WHAT IS BEING ASKED
Retype the records below from their first line through the line holding "Coque En Vrai", including both ends and no pictures.

INPUT DATA
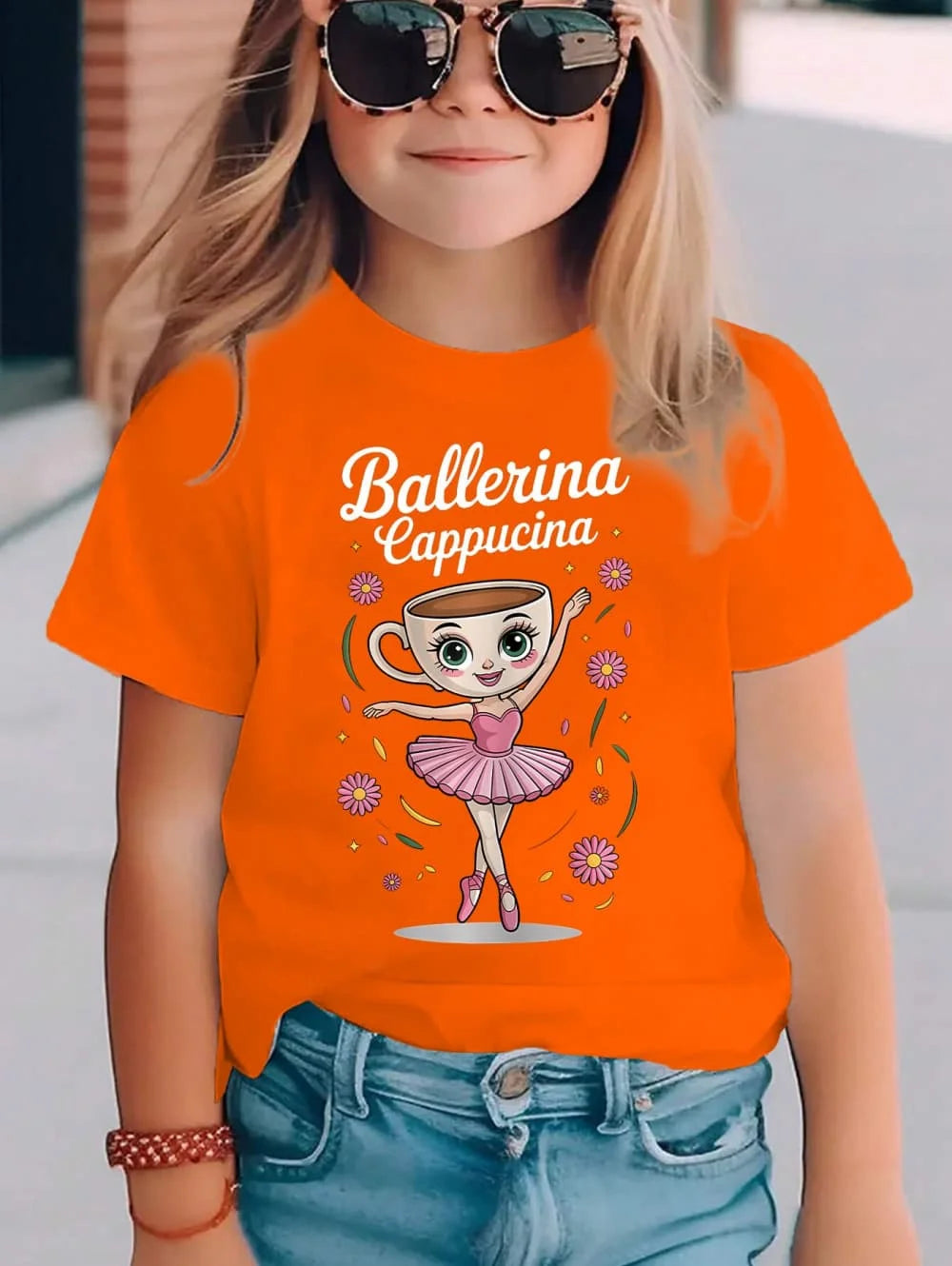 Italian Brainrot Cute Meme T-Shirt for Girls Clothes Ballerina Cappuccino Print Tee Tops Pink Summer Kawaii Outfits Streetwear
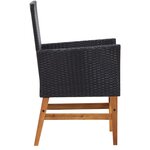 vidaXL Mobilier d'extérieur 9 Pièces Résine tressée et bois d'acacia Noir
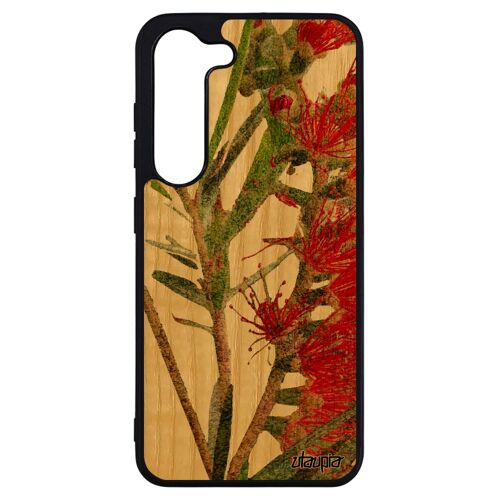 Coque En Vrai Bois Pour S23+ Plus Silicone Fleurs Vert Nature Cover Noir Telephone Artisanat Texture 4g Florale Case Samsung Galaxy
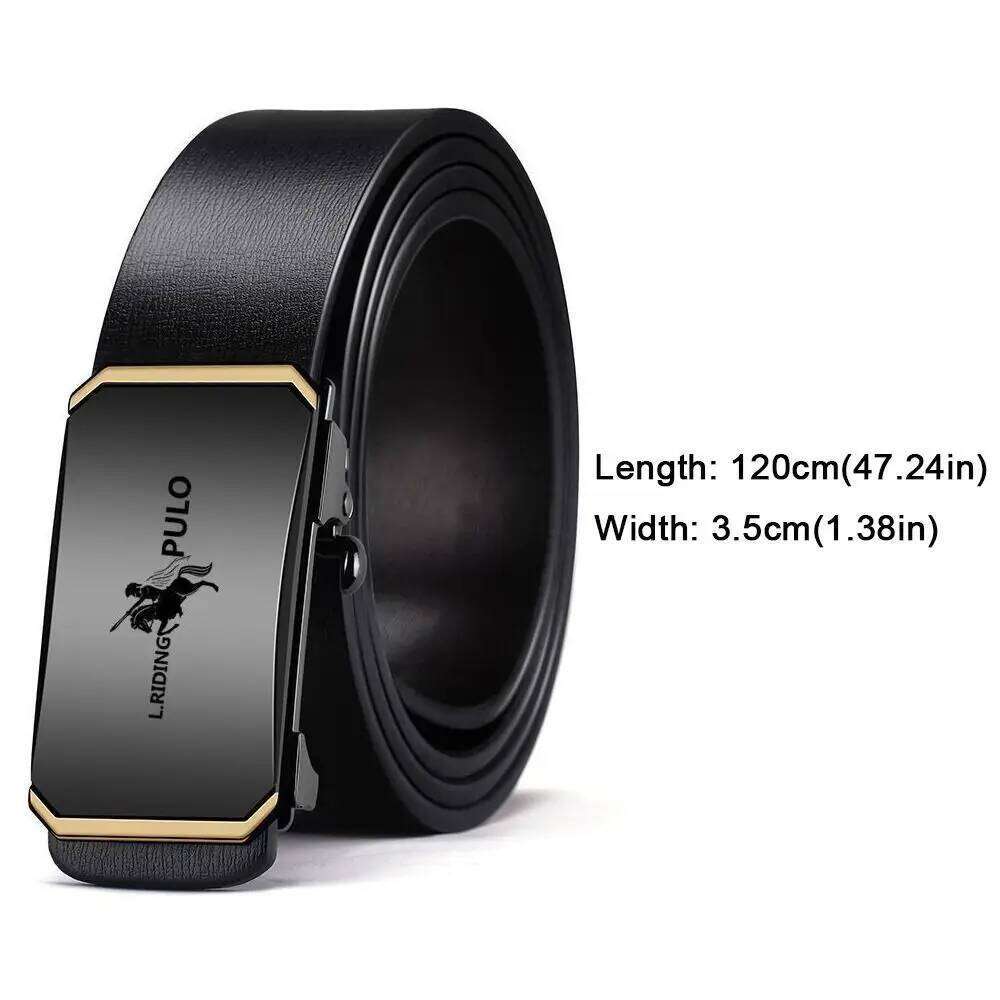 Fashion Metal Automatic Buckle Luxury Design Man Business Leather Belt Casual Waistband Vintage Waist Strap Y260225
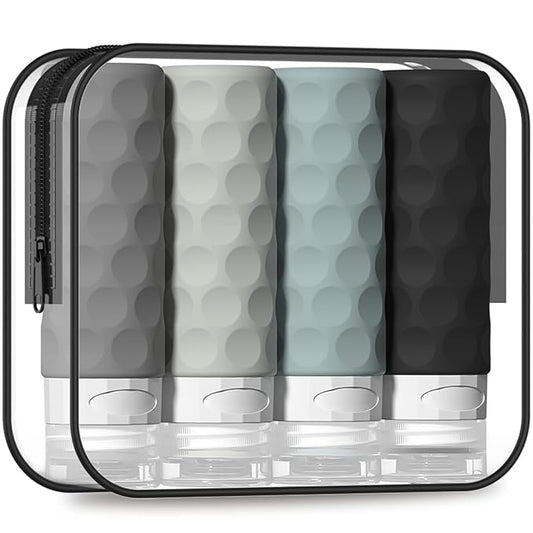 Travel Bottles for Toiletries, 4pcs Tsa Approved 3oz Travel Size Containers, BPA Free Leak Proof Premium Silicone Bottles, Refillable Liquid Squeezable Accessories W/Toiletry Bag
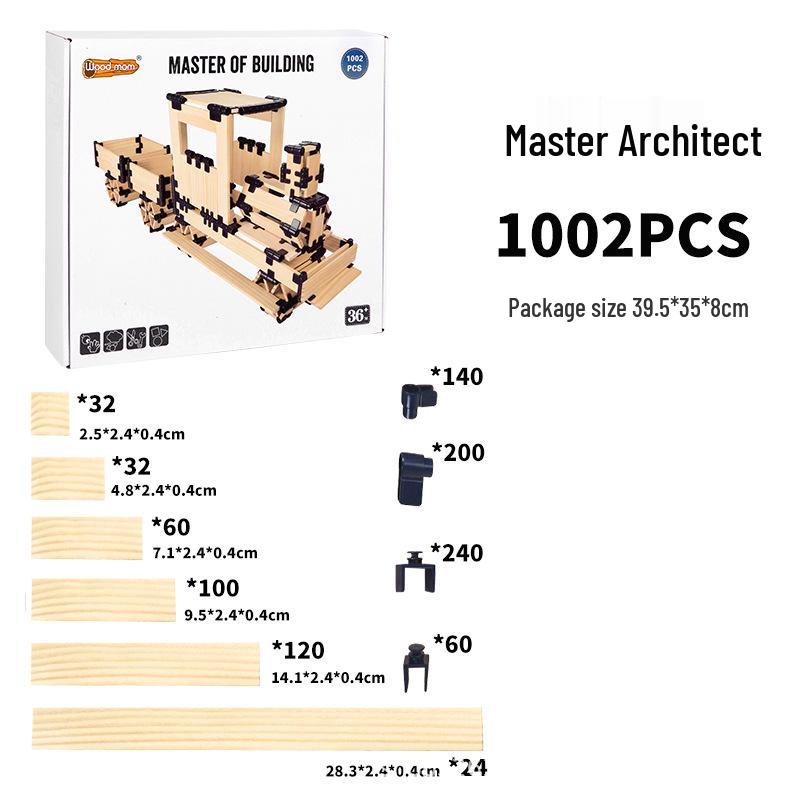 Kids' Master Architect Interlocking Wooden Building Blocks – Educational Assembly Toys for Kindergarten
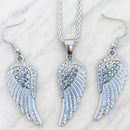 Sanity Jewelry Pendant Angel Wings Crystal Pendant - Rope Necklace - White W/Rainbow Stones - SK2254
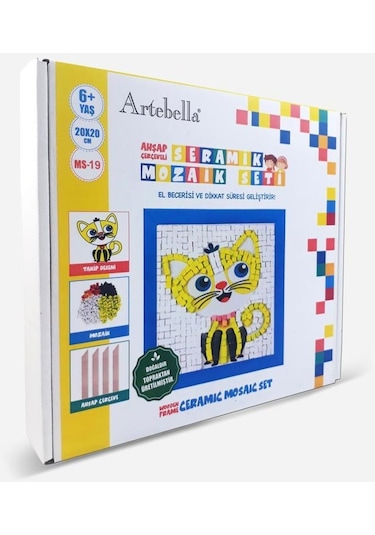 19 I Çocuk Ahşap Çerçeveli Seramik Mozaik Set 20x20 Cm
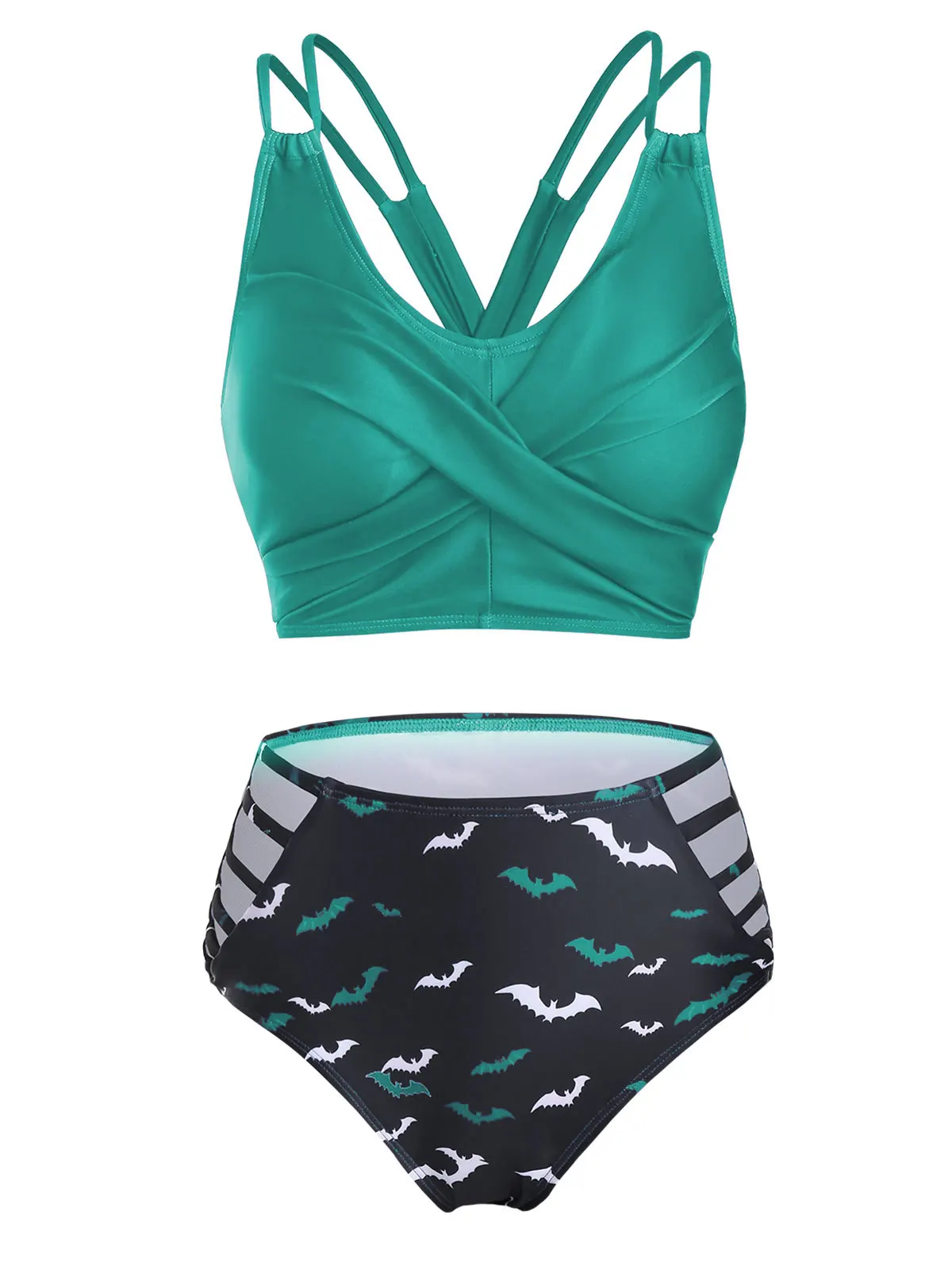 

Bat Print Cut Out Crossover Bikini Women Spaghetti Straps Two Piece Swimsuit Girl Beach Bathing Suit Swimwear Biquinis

YOUR SOLUTION
 Italian Brainrot Cute Meme T-Shirt for Girls Clothes Ballerina Cappuccino Print Tee Tops Pink Summer Kawaii Outfits Streetwear
 vidaXL Mobilier d'extérieur 9 Pièces Résine tressée et bois d'acacia Noir
 Coque En Vrai Bois Pour S23+ Plus Silicone Fleurs Vert Nature Cover Noir Telephone Artisanat Texture 4g Florale Case Samsung Galaxy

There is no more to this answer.